Il convient en effet d’ouvrir la lecture du Polexandre de 1632 à son contexte de réception39. Charles Martel n’est pas une figure historique consensuelle, surtout auprès des historiographes que Gomberville prend à parti dans son Discours sur les vertus et les vices de l’histoire. Si Scipion Dupleix entonne son panégyrique, en comparant ce souverain absolu à César40, et en le disculpant des accusations de saint Eucher41, d’autres historiographes semblent plus embarrassés, comme Étienne Pasquier42, du Haillan43, ou Pierre Matthieu44, qui fustigent l’ambition manœuvrière d’un tyran, mais célèbrent la divine punition détrônant les rois fainéants. Claude Fauchet atténue l’usurpation de Charles Martel, qui a respecté les rois légitimes, et a agi sous l’égide de leur autorité, quand bien même leur personne était indigne de ces hautes fonctions. Charles Martel aurait été investi du titre de « prince » ou de « duc des Francs » avec l’aveu d’un Parlement (placitum)45, qui, selon Bernard de Girard du Haillan, serait l’ancêtre des États-Généraux. Les auteurs protestants, comme François Hotman46 ou Jean de Serres47, utilisent l’exemple de Charles Martel pour prouver qu’il existe des formes de succession monarchique légitimes quoique non héréditaires. Ils vantent un idéal de monarchie mixte ou tempérée, les « rois fainéants », « rois en masque », apparaissant comme des tyrans d’exercice voués à la déposition. Selon Jean de Serres, ce sont les qualités morales de Charles Martel, prouvées par ses exploits militaires et ses succès diplomatiques, ainsi que la volonté du Parlement des Francs, qui lui ont permis, sans usurpation, de détrôner de fait des princes devenus indignes de l’être et d’accéder à une forme d’autorité royale, pleinement endossée par ses successeurs48.
La figure duplice de Charles Martel-Polexandre trouve, dans la fiction même, un autre répondant : Phélismond, favori du roi de Danemark, et rival en amour du héros.
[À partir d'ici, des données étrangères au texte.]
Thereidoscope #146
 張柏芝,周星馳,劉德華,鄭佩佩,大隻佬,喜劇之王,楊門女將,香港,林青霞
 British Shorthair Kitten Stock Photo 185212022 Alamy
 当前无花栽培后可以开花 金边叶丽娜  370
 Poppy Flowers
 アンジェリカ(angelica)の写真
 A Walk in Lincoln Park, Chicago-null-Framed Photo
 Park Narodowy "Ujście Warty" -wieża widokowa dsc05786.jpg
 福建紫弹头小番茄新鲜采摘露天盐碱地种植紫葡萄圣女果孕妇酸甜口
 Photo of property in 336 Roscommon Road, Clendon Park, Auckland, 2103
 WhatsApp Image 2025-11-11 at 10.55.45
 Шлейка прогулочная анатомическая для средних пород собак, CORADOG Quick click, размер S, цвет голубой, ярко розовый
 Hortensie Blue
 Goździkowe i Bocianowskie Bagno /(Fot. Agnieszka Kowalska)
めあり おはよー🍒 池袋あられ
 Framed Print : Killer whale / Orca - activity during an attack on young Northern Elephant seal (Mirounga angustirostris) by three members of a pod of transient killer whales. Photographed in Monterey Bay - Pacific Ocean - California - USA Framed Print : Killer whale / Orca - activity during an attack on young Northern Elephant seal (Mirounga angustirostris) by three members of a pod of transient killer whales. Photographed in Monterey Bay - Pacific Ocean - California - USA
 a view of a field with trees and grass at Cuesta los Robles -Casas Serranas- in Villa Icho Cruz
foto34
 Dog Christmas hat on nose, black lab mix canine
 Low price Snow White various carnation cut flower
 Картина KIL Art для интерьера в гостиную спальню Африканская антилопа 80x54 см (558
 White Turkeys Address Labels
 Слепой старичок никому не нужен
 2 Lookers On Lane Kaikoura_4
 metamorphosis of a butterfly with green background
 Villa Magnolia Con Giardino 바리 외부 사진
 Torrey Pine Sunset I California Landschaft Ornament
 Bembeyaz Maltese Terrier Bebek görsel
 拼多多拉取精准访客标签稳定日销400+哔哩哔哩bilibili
Ses aventures sont contées dans le second tome de l’édition de 1632, offert au duc de Saint-Simon. Gomberville invite le favori de Louis XIII à se reconnaître dans ce personnage valeureux49, que le roman présente comme le successeur désigné du souverain danois Gadarique. En 1637, quand Saint-Simon aura été disgracié, le second des cinq tomes du roman sera dédié à Richelieu, nouveau Polexandre50. Par les reflets spéculaires qu’elle projette dans et hors de l’univers romanesque, l’uchronie s’émancipe des célébrations officielles de l’absolutisme naissant51, pour rendre compte des bifurcations possibles de l’histoire de France. Elle propose d’« éclairer le passé à la lumière du passé » et de « dé-fataliser » l’histoire commune52, en la présentant comme une fiction régulatrice et civilisatrice qui aurait pu être différente. Il ne s’agit donc ni de célébrer en Richelieu un homme d’État providentiel, ni de dénoncer en Saint-Simon, favori encensé puis destitué, un nouveau « maire du Palais », ni de promouvoir une monarchie élective sur le modèle polonais. L’uchronie, comme méditation critique sur des possibles inactualisés, ouvre un champ de réflexion politique et juridique, qui montre à la fois la contingence radicale et la fragile nécessité du moment « absolutiste », d’une constitution créée dans le temps par des hommes.